__THE PROBLEM__
An exact copy of all entries is the expected answer.

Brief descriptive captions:

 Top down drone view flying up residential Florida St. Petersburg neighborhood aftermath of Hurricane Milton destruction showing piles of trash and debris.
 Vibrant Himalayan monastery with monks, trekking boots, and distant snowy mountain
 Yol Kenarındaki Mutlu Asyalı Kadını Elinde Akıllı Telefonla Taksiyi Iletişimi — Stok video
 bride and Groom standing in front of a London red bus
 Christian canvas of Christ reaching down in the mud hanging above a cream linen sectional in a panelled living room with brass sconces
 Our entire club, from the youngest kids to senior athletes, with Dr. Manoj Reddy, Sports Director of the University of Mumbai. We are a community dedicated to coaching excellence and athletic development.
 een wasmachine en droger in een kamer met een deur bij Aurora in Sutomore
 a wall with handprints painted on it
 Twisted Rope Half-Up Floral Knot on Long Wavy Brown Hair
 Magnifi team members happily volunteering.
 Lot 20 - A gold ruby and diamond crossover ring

__SOLUTION TO THIS TASK__
 Top down drone view flying up residential Florida St. Petersburg neighborhood aftermath of Hurricane Milton destruction showing piles of trash and debris.
 Vibrant Himalayan monastery with monks, trekking boots, and distant snowy mountain
 Yol Kenarındaki Mutlu Asyalı Kadını Elinde Akıllı Telefonla Taksiyi Iletişimi — Stok video
 bride and Groom standing in front of a London red bus
 Christian canvas of Christ reaching down in the mud hanging above a cream linen sectional in a panelled living room with brass sconces
 Our entire club, from the youngest kids to senior athletes, with Dr. Manoj Reddy, Sports Director of the University of Mumbai. We are a community dedicated to coaching excellence and athletic development.
 een wasmachine en droger in een kamer met een deur bij Aurora in Sutomore
 a wall with handprints painted on it
 Twisted Rope Half-Up Floral Knot on Long Wavy Brown Hair
 Magnifi team members happily volunteering.
 Lot 20 - A gold ruby and diamond crossover ring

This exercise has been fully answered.